What does this have to do with masking? 

Shyness, essentially, is the same thing as masking. Or, to be exact, shyness is what causes / motivates the masking. Shyness is the thing that forces me to mask all the time. Because of my shyness, not only do I have the ability to mask, but I also have the inability to not mask. I cannot turn the masking off, no matter how badly I want to. 

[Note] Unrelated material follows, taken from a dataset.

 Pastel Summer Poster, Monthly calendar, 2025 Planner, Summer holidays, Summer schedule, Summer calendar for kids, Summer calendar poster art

In case you are wondering how a person could come to have shyness, I am not 100% sure, because I have had it for as long as I can remember. But my guess is that it resulted from one or multiple negative social experiences I had at a very young age, perhaps situations in which I received unexpected negative reactions from other people when doing things that I thought were completely innocuous. When one thinks about it this way, it becomes clear that shyness is actually a form of PTSD. Although the negative experiences that caused it were not life-threatening, my nervous system reacted as if they were, and these same emotions are activated each time I am in a social situation. In other words, every social situation that I encounter, triggers the PTSD. Every social situation triggers flashbacks of the traumatizing events that caused the shyness. The flashbacks don’t take the form of visual and auditory hallucinations of the traumatic events, as is commonly associated with PTSD. Instead, they take the form of re-experiencing the emotions from the traumatic events. My nervous system believes that I will die if I do anything that will be perceived as weird, unexpected, or bad in the eyes of the people around me. Therefore, I am unable to do these things, no matter how certain my logical brain is that I will not actually die or, in some cases, that doing the things is actually the best option in the situation.

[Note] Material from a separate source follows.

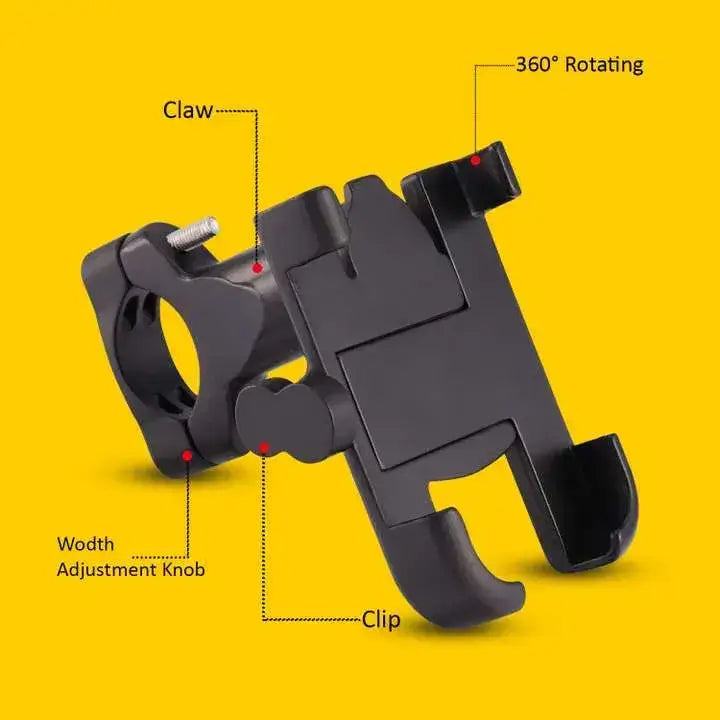 Black metal bicycle phone mount structure with labeled component features on a bright yellow background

The shyness has had a profound negative impact on my life. There are numerous jobs that I cannot do because of the interpersonal interaction required. If a restaurant messes up my order, a service provider gives me a surprisingly high bill, or a store overcharges me, I’m not able to say anything. I’m not able to negotiate with merchants or vendors to try to get a lower price. I’m not able to say no to salespeople who try to pressure me into buying things. If I’m having a problem, I’m not able to ask for help. If I don’t understand something, I’m not able to ask questions. If someone asks me to do something I don’t want to do, I’m not able to say that I don’t want to do it, and usually end up having no choice but to do the thing and pretend to be happy while doing so. The medical system is a nightmare, as I’m not able to say no to examinations, tests, and medical procedures that I don’t want. Perhaps most significantly, for my entire life, neither friendships nor social relationships of any kind have ever brought me the slightest amount of enjoyment, pleasure, or happiness. Social activities are, and have always been, an unpleasant chore, a task that needs to be completed before I can have time to do the things that I actually enjoy. Yet whenever someone asks me to do an activity with them, I have to say yes, resulting in my entire schedule being consumed by get-togethers that I do not look forward to and get no enjoyment out of, with no time or energy for the hobbies and interests that make my life worth living.

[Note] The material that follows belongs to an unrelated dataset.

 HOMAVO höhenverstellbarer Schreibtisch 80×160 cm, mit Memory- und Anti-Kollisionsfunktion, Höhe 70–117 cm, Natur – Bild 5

Many of the autistic content creators on social media who allege that masking is a privilege, also speak about partners, spouses, children, and close friends whose company they enjoy and with whom they feel truly relaxed and safe to unmask. 

Due to my shyness, all of these things are complete non-starters for me. The entire concept of a friend whose company I enjoy is a contradiction in terms. I only feel truly relaxed and able to unmask when I am by myself, or with my statues. (And then I am ridiculed, and called a white supremacist, for my love of statues.) Living with another person, as presumably those with partners, spouses, and/or children do, would be so intolerable to me that I would probably commit suicide if I had to do it for more than a couple of weeks.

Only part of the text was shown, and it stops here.